This is probably a very appropriate topic to start this year’s series. Since we have just finished the gift-giving frenzy of the holidays, it is an opportune time to discuss gratitude.
The art of saying thank you seems to have disappeared. Try to practice it as you go about your daily tasks. You may be surprised that you may not hear it as often as you expect. How many gifts received this holiday season have you formally given thanks for?
We all grew up with the customary thank-you cards, notes we send to express our thanks to those who have given us gifts or have done nice things for us.
It is always a pleasure to receive a handwritten thank-you note. Yet in this modern age, there are many other ways to say thank you besides the usual notes or cards.
A simple phone call may suffice. This will serve a great way for you to keep in touch with a friend or relative who has taken the time to send you a gift for the holidays.
A text message will work as well. A simple expression of greetings for the new year and giving thanks to the addressee’s thoughtful Christmas present would surely be appreciated.
In this day of social networking, even a Facebook message works.
In short, there are many ways to say thank you.
Notes, texts, phone calls of thanks will be well-taken by the gift-givers. Most of the time a giver just wants to be assured that you have in fact received her gift. So expressing thanks is really the only polite thing to do.
This is also a practice I wish most parents would teach their children. Maybe this can serve as a gentle nudge for your children to write, text or call their godparents and others who have given them gifts.
Again, this is simply going beyond being polite: It also instills the value of gratitude.
People overlook saying thank you not because they are impolite, but maybe because they are simply rushing.
But remember, whenever you overlook something and take the extra time to make up for it, such as saying thank you, it would reflect a lot about who you are to the other person.
For instance, signing your name. It’s a basic thing, yet a friend who recently got married could not send out thank-you cards because she had received several gifts that were unsigned.
It happens, of course. So don’t forget to sign your thank-you cards as well.

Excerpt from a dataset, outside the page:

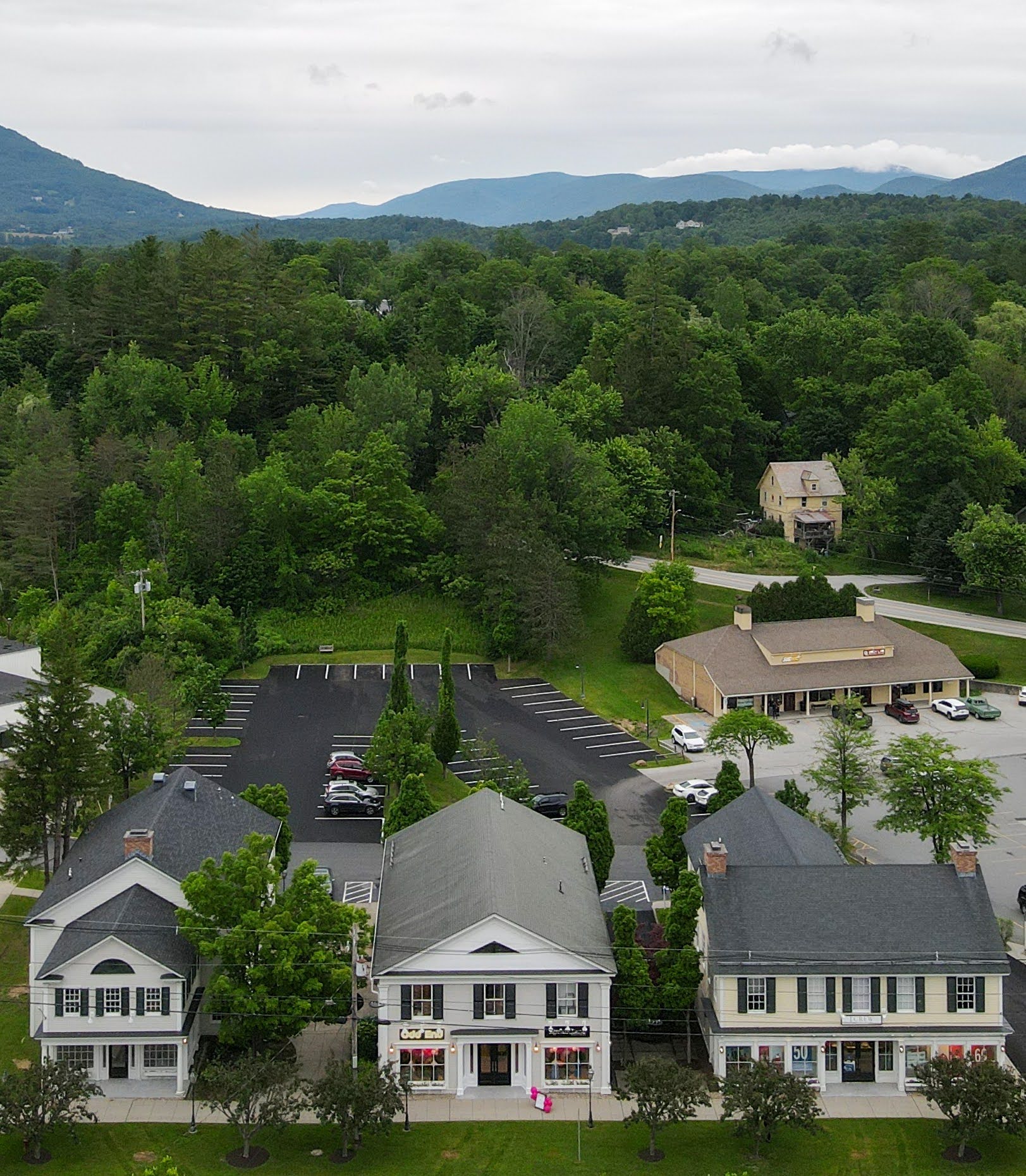 MANCHESTER VT’S GRAND OPENING!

And say thank you for the right gift. This is funny, but this has happened to me. Someone sent me a text thanking me allegedly for the cake I sent for Christmas—and I had sent her a bottle of wine!
So remember, what you do will always reflect who you are as a person.

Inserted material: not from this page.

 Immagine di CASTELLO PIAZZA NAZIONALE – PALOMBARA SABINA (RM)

Going beyond gifts, the art of thank you can be integrated into your everyday life.
Start a gratitude journal. Make a habit of being thankful for the normal and mundane things that happen in your life during the day.
Keep a special notebook and make a habit of jotting down all the things that happen in your day that you should be thankful for.
Bring the art of saying thank you back into practice. Not only is saying thank you the polite thing to do, it will also make your life a little lighter and happier.